9 It was not the act of INEC, or the acts of the candidates or the political parties that created this electoral impossibility but the decision of the Supreme Court to accept the votes in the 388 polling units and add them to Uzodinma’s votes. Without the details of where there was over-voting, it is impossible for the Supreme Court or anyone to know which votes and results to declare void.
10 The judgement of the Supreme Court means two things. Either over 100,000 people who should not have voted did vote, or those votes are fictitious. Whichever the case, the only way this electoral impossibility could have arisen is by an error.
11. The Supreme Court in an earlier judgement had disqualified Uche Nwosu on the grounds that he was both the candidates of the APC and the AA. If Nwosu was a nominated candidate of the APC, the grounds on which he was disqualified, how come the same Supreme Court accepted that Uzodinma was also a validly nominated candidate of the APC who was now declared by the Supreme Court as having defeated Ihedioha ?
12 INEC declared that Rt Hon Emeka Ihedioha polled 273,404 votes, while Senator Hope Uzodinma polled 96,458 votes. For Uzodinma to have defeated Ihedioha, he must have polled at least additional 176,946 votes (perhaps close to 200,000 votes)while Ihedioha’s votes did not increase in those 388 polling units. For the credibility and legitimacy of our justice system, the integrity, credibility and sustainability of our democracy, the nation needs to know where these votes came from.
Justices of the Supreme Court are human and therefore fallible. This is more so having regard to the workload thrust upon them not just by gubernatorial election petitions, but by pre-election matters in gubernatorial and other elections. Judicial officers do make mistakes, and that exactly is the reason for the appellate system. But where the apex appellate court that has a final say makes a mistake what should be done ?
The conventional wisdom in the legal profession is that since the Supreme Court is the final appellate court nothing can be done. The Supreme Court should wait for another opportunity perhaps in 2024 to correct its mistake.
But is it correct ,fair or just to replace Ihedioha with Uzodinma when the victory of Uzodinma depends on over 100,000 people who voted but who were not accredited, and who should not have voted ? Or possibly on over 100,000 votes that did not exist?
Is it right to let the consequences of the decision of the judgment of the Supreme Court- an electoral impossibility remain ? Is it right for any court including the Supreme Court to make a mistake and make that error its final decision ? These are the questions that the Supreme Court would need ask itself. What are the consequences if the Supreme Court stands its ground and refuses to correct its mistakes?
In the 2018 United States case of Rosales- Mireles V US , Justice Sonia Sotomayor of the United States Supreme Court stated. “Fairness requires that the court should correct mistakes when they involve substantial rights.” “Correcting errors guarded judicial legitimacy. The public reputation of the judicial system hangs on the perceived adherence to the principles of justice. An unjust court is considered an illegitimate court”

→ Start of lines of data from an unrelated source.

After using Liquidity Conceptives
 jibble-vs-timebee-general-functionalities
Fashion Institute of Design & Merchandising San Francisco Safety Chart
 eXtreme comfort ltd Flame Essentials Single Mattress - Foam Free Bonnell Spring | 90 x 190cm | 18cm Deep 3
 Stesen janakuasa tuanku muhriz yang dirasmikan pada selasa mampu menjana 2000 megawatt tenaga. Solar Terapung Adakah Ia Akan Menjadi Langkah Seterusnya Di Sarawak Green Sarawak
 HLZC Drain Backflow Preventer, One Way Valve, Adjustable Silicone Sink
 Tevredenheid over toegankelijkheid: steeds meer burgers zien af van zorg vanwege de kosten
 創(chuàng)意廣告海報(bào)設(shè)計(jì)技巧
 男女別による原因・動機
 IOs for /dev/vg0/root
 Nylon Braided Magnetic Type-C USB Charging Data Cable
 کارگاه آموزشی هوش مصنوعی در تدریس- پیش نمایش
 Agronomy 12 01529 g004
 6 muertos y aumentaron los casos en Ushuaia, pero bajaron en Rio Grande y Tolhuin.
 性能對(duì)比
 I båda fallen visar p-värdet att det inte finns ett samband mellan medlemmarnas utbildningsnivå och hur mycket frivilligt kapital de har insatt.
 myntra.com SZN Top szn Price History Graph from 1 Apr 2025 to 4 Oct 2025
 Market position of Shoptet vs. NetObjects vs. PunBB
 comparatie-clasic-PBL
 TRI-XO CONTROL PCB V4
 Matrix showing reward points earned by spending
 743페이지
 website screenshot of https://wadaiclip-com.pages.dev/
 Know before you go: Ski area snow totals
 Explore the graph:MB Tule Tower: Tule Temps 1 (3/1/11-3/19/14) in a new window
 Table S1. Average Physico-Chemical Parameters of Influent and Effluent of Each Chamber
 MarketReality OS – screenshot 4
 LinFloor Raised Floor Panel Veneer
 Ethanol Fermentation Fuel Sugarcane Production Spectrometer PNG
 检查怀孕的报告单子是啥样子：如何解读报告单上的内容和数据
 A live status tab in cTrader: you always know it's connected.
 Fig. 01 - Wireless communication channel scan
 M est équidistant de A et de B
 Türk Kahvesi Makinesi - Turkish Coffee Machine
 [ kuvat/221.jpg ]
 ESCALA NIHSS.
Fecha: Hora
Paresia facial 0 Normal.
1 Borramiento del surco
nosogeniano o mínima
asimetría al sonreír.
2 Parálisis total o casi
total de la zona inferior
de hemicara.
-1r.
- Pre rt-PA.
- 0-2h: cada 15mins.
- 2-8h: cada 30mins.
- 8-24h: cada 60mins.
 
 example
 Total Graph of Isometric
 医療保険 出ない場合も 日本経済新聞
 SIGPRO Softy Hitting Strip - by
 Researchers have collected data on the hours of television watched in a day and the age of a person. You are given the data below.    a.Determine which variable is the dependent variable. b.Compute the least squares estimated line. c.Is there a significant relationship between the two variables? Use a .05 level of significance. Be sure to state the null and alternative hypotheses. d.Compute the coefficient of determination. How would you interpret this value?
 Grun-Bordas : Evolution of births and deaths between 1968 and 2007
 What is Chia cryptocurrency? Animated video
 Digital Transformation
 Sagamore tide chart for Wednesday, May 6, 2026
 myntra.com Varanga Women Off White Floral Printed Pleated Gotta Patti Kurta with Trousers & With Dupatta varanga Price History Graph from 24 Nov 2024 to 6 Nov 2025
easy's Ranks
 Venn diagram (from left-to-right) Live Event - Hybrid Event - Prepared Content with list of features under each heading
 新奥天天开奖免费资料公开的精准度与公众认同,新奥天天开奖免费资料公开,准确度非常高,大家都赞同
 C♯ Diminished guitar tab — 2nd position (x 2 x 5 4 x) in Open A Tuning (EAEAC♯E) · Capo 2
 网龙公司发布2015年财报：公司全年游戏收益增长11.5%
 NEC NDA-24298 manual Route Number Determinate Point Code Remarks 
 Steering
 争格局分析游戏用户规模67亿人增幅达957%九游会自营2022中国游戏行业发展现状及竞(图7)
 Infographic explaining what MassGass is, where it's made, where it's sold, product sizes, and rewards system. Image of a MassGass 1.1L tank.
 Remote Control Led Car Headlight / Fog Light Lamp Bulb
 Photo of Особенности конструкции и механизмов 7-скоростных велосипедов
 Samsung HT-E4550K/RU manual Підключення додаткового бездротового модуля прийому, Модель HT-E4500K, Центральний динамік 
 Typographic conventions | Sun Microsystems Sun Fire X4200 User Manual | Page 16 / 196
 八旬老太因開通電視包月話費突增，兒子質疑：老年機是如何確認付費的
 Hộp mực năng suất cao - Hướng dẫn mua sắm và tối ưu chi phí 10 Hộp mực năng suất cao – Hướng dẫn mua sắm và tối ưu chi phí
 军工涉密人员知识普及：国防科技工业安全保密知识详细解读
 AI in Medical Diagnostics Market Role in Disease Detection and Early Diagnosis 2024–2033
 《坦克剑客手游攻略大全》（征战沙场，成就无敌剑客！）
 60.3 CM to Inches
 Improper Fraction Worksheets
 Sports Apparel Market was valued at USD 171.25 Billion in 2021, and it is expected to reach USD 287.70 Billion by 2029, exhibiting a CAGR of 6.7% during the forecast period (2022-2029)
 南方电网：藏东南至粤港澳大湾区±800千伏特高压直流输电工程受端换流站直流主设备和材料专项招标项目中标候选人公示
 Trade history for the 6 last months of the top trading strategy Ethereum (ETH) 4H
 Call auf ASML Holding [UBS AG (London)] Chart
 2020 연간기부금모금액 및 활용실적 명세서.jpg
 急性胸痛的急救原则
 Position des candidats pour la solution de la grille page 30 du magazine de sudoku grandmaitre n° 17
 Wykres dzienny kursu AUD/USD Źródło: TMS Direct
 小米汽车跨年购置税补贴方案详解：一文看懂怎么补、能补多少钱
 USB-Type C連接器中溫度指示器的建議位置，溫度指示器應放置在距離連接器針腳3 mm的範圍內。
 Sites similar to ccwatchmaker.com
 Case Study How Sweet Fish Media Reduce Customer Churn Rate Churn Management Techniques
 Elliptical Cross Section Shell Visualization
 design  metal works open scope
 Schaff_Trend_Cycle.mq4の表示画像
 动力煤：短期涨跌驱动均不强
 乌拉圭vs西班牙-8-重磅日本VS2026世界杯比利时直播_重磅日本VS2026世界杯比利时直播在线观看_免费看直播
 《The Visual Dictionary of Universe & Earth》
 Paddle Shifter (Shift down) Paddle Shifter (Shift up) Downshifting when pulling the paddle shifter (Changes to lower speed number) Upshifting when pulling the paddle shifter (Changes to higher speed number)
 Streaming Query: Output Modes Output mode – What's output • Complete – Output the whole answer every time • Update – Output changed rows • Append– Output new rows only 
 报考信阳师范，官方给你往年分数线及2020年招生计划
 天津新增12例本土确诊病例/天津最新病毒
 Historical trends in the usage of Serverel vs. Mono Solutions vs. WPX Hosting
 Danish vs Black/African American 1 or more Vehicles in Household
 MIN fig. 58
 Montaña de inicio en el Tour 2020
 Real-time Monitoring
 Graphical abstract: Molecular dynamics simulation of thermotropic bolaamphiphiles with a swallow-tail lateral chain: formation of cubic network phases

With the present situation in Imo, this may be where we are headed. The decision of the Supreme Court in Imo goes beyond Ihedioha. It goes beyond Imo. It goes beyond PDP or APC. It goes to the heart and foundation of the acceptability ,credibility not just of the Supreme Court, but of our justice system and our democracy . Amid its conflicts and contradictions, if this decision is allowed to stand, it will set a precedent, and under the doctrine of STARE DECISIS, the decision must be replicated in the different Election Petitions Tribunals and Divisions of the Court of Appeal across the country with each one picking any that fits its fancy. With a loss of confidence in the justice system and disparate decisions by the various courts and Tribunals, the consequences could be grave, leading to a breakdown of law and order in different parts of the country in 2023/2024.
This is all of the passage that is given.